Content starts

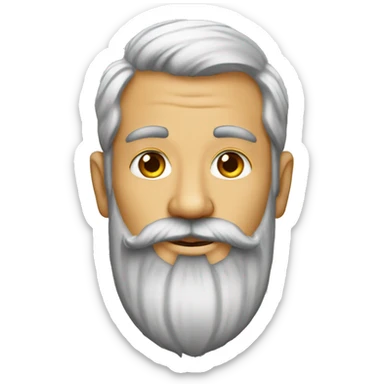 Long beard tattoo artist sticker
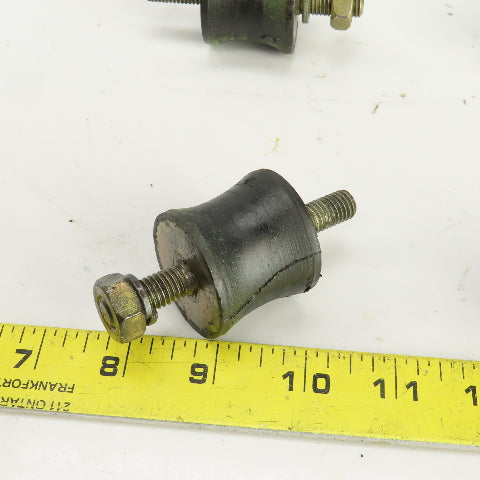 AVA 10S Rubber Keel Roller W/Threaded Rod 1-3/8" W 1-1/2" OD Lot Of 4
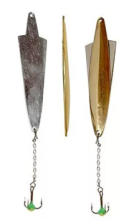 Блесна вертикальная зимняя Lucky Joh Wing с цепочкой и тройником 10г (GS)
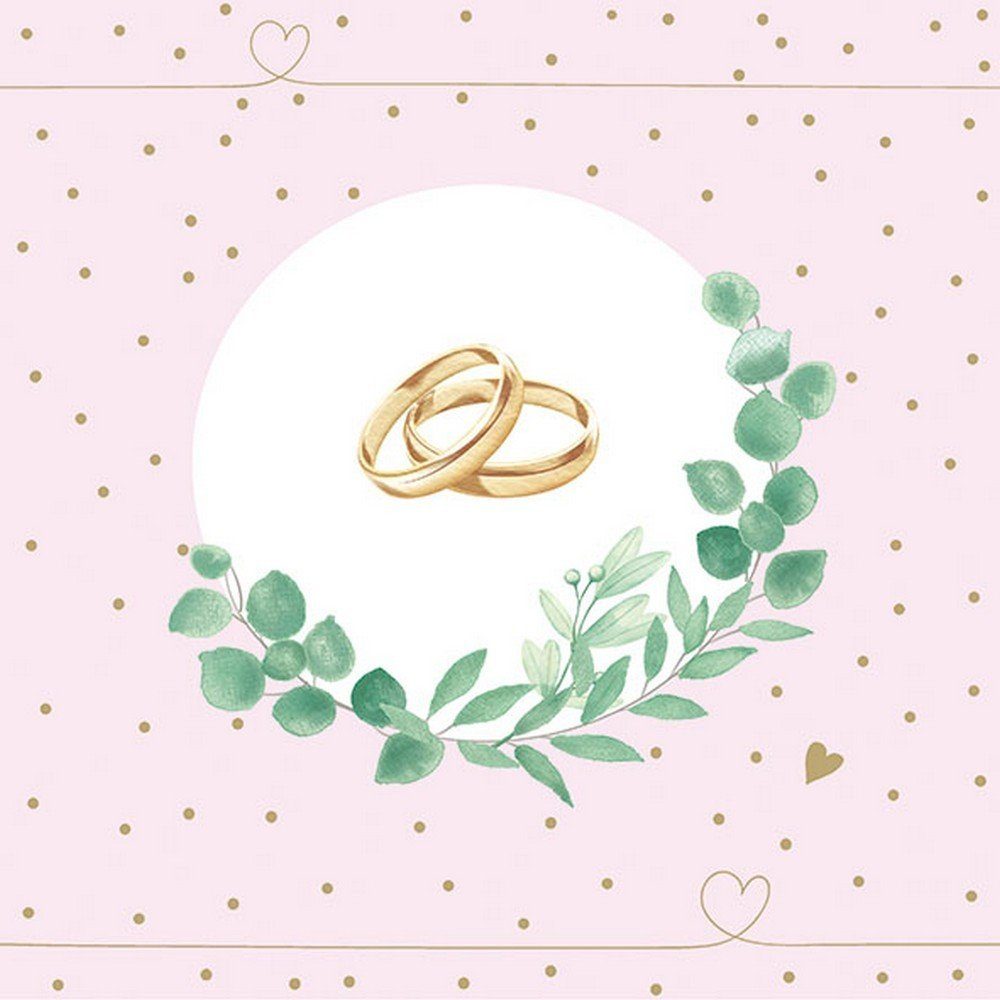Ambiente Luxury Paper Products Papierserviette 20 Салфетки Wedding Branch lilac 33x33cm, (20 St)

Content ends

• _TASK BRIEF_
The answer should consist solely of the lines from the one containing "AVA 10S Rubber" through the last line of the material, copied exactly, with pictures left out.

• _WRITTEN RESPONSE_
 AVA 10S Rubber Keel Roller W/Threaded Rod 1-3/8" W 1-1/2" OD Lot Of 4
 Блесна вертикальная зимняя Lucky Joh Wing с цепочкой и тройником 10г (GS)
Ambiente Luxury Paper Products Papierserviette 20 Салфетки Wedding Branch lilac 33x33cm, (20 St)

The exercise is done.